Interview
Finanzen dürfen unterhaltsam sein – Interview mit Stephan Müller, (F)Influencer auf Instagram und Twitter
ideas: Herr Müller, Ihren über 120.000 Followern auf Instagram sind Sie unter dem Namen @techaktien bekannt. Können Sie uns kurz erzählen, wie die Idee entstanden ist, auf Instagram als (F)Influencer durchzustarten?
Stephan Müller: 2019 sah ich mir diverse Insta-Profile an und war mit den Inhalten oft nicht einverstanden. Anstatt mit den Autoren zu diskutieren und sinnlos zu streiten, habe ich beschlossen, es einfach selbst zu machen. Es begann als Hobby im Mai 2019 und wurde zum Gewerbe im Jahr 2020. Damals hatte ich ca. 6.000 Abonnenten. 2021 waren es 43.000 und nun weit mehr als 100.000. Seit 2022 poste ich zusätzlich auf Twitter (@Techaktien1).
Schreiben Sie einen Teil Ihres Erfolgs auch der Coronapandemie zu, während der vor allem viele jüngere Menschen den Weg an die Börse gefunden haben?
Ja. Ab Februar und März 2020 kamen viele neue, auch teils sehr junge Anleger dazu. Viele haben verstanden, dass Aktien nun günstig »im Sale« sind und wollten erstmalig zugreifen und kaufen. Das Deutsche Aktieninstitut hat diese Entwicklung auch in seiner jährlichen Studie bestätigt.
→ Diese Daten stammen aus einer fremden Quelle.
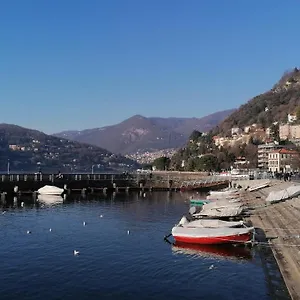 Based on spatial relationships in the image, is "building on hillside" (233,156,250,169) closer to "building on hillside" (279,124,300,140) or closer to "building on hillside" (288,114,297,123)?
"building on hillside" (279,124,300,140)


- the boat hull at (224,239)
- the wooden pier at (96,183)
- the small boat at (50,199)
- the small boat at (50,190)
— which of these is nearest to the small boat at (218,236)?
the boat hull at (224,239)

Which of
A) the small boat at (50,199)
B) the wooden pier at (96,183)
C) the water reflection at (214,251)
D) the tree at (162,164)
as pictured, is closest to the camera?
the water reflection at (214,251)

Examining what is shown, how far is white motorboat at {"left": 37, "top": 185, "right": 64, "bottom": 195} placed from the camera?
80.8m

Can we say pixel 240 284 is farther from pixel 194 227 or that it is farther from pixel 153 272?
pixel 194 227

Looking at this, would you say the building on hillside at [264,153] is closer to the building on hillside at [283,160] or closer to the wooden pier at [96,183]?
the building on hillside at [283,160]

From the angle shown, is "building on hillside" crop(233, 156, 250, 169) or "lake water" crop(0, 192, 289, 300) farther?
"building on hillside" crop(233, 156, 250, 169)

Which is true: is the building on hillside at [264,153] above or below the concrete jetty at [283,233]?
above

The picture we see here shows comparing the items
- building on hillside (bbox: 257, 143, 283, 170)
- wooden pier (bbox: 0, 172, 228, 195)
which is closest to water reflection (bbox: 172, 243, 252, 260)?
wooden pier (bbox: 0, 172, 228, 195)

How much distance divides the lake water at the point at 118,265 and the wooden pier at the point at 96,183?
36.6 metres

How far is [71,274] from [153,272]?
504 centimetres

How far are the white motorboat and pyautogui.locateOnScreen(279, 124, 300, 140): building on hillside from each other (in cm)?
11770

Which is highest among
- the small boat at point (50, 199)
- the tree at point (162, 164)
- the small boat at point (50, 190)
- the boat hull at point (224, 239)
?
the tree at point (162, 164)

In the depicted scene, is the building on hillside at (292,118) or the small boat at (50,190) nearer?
the small boat at (50,190)

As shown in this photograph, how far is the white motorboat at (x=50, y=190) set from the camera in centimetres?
8079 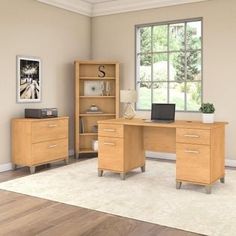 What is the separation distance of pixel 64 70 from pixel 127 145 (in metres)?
2.30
Nach Jahren des Aufwärtstrends geht es bei den Tech-Aktien – dem Namensgeber Ihres Kanals – nach unten. Wie gehen Sie damit in Ihrer Kommunikation um?
Ich habe viele Blue Chips, die ich bedenkenlos halte und gegebenenfalls nachkaufe. Ich versuche daher, eine Ruhe zu vermitteln, und betone oft, dass man in einigen Marktphasen Geduld braucht. Viele Anleger haben sowieso Sparpläne und nutzen den bekannten Cost-Average-Effect so aus.
Charakteristisch für @techaktien ist, dass die meisten Themen auf eine humoristische, fast schon satirische Art – oft auch durch den Einsatz von Memes – dargestellt werden. Ein Spagat, wenn man bedenkt, dass Geldanlage eigentlich ein ernstes Thema ist. Inwiefern sehen Sie hier auch eine Verantwortung bei sich, die nötige Balance zu finden?
Es gibt eine sehr große Anzahl an seriösen Finanz- und Wirtschafts-Newsseiten von CNBC, über WirtschaftsWoche, Handelsblatt, finanzen.net wie auch bankeneigene Publikationen wie bei Société Générale. Diese dürfen sich Polemik, Satire, Humor oder politisch subjektive Meinungen zu Finanz-, Wirtschafts- oder Steuerpolitik nur eingeschränkt leisten. Ich kann und darf das aber. Man sollte nicht langweilig sein, wenn man Social Media macht. Finanzen dürfen unterhaltsam sein. Wenn ich eigene Wertpapierkäufe teile und erläutere, weise ich stets auch auf die Risiken dieses Investments hin und versuche, niemanden zu überzeugen.
Neben Tech-Aktien besprechen Sie auch aktuelle Themen aus der Finanzwelt oder klassische Dividenden-Aktien. Wie wählen Sie diese aus und wo informieren Sie sich selbst?
Ich nutze sehr viele Quellen. Ich habe eine große Anzahl von YouTube-Kanälen zu den Themen abonniert und schaue eigentlich fast kein anderes Medium. Netflix & Co. sowie TV langweilen mich. Ich lese weiterhin Capital Magazin, F.A.Z., Welt, CNBC, Seeking Alpha und höre noch einige Finanz-Podcasts. Wenn ich ein Thema interessant finde, recherchiere ich und verarbeite das Wichtigste zu einem Beitrag. Das kann auch die Analyse von Wahlprogrammen zur Bundestagswahl nach finanziellen Aspekten sein. Das hat komischerweise niemand anderes (auch nicht in den traditionellen Medien) gemacht. Ich schon.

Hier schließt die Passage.